__Exercise goal__
Retype the entries exactly; omit all pictures.

__Exercise inputs__
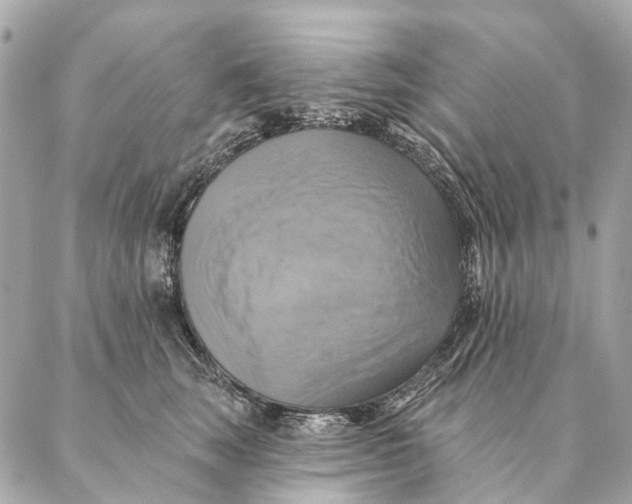 X0000087350663200705111621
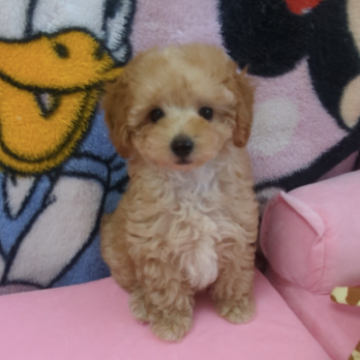 トイプードル(トイ)【福岡県・男の子・2023年5月9日・アプリコット】の写真「すぐにお迎えできます🐾」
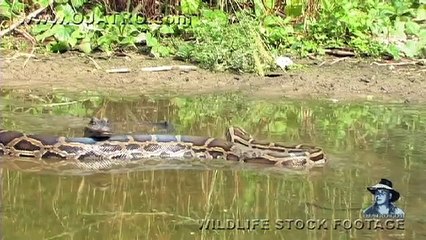 Pythons at Alligator Pond 07 - Dangerous Animals in Florida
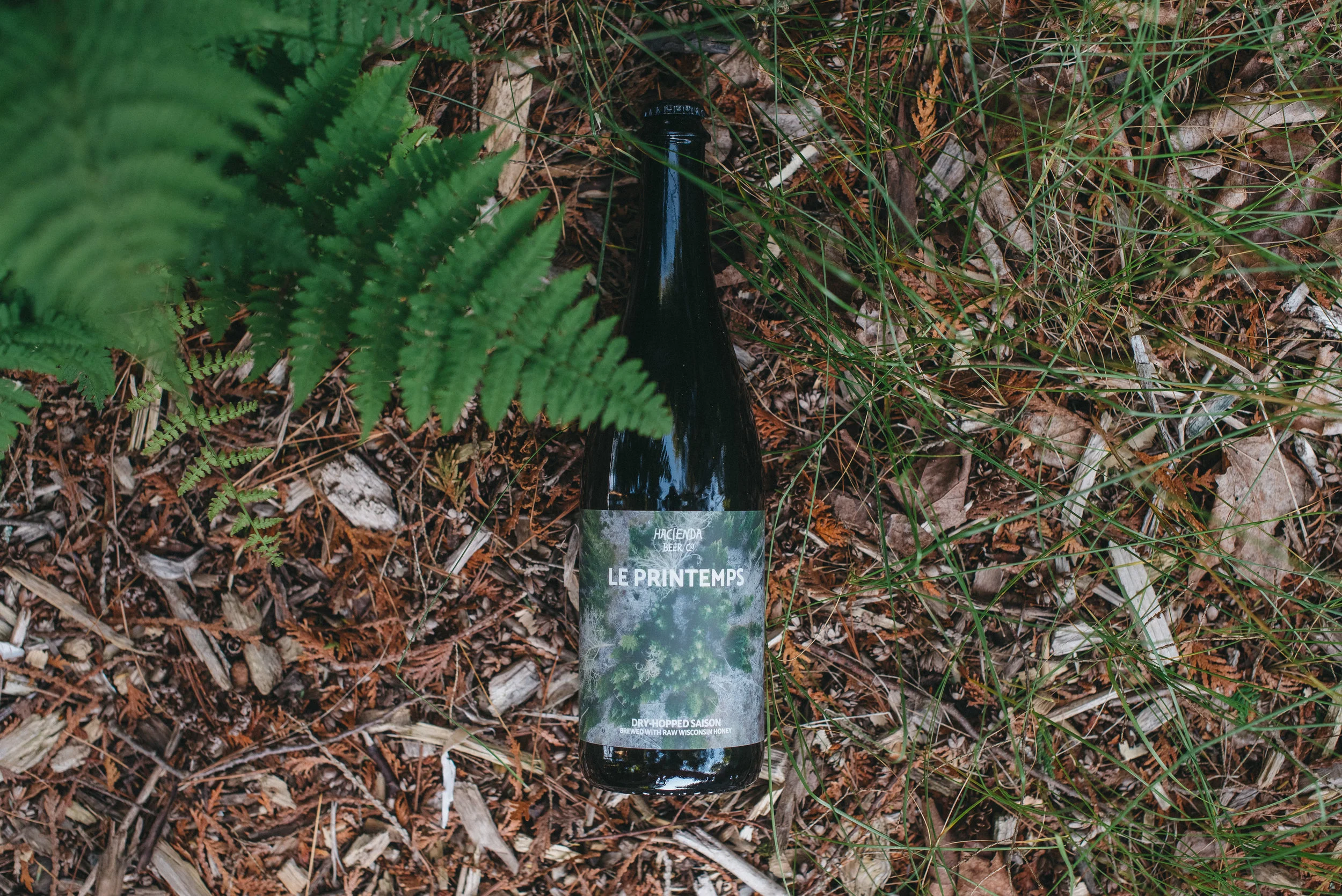 Release of Le Printemps – Spring Seasonal Saison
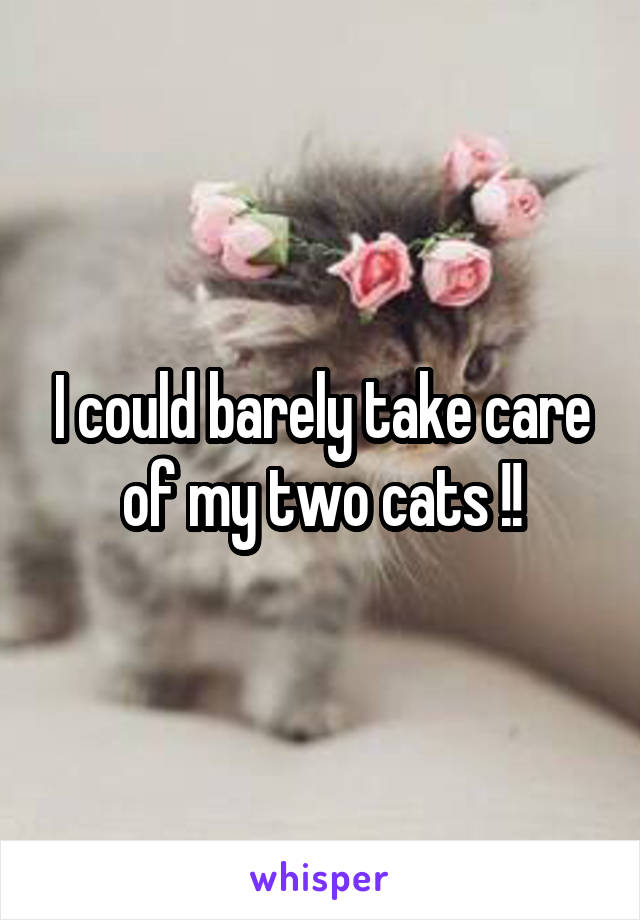 I could barely take care of my two cats !!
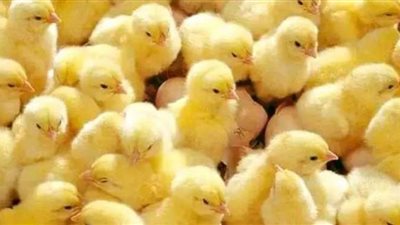 مذبحة الكتاكيت الجماعية.. والأعلاف المنقذ الوحيد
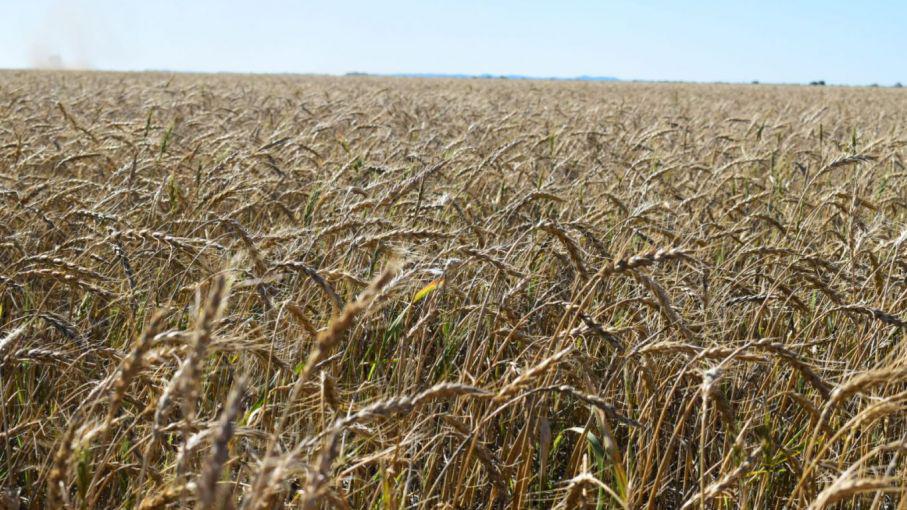 5fc1c7428df13_907_510!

__Output for this exercise__
 X0000087350663200705111621
 トイプードル(トイ)【福岡県・男の子・2023年5月9日・アプリコット】の写真「すぐにお迎えできます🐾」
 Pythons at Alligator Pond 07 - Dangerous Animals in Florida
 Release of Le Printemps – Spring Seasonal Saison
 I could barely take care of my two cats !!
 مذبحة الكتاكيت الجماعية.. والأعلاف المنقذ الوحيد
 5fc1c7428df13_907_510!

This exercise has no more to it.